# Problem
Please write out the listing below again in its exact form.
### Information shown
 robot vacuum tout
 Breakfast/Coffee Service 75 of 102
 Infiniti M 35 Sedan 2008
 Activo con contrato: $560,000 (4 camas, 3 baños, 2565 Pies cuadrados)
######
# Response below
 robot vacuum tout
 Breakfast/Coffee Service 75 of 102
 Infiniti M 35 Sedan 2008
 Activo con contrato: $560,000 (4 camas, 3 baños, 2565 Pies cuadrados)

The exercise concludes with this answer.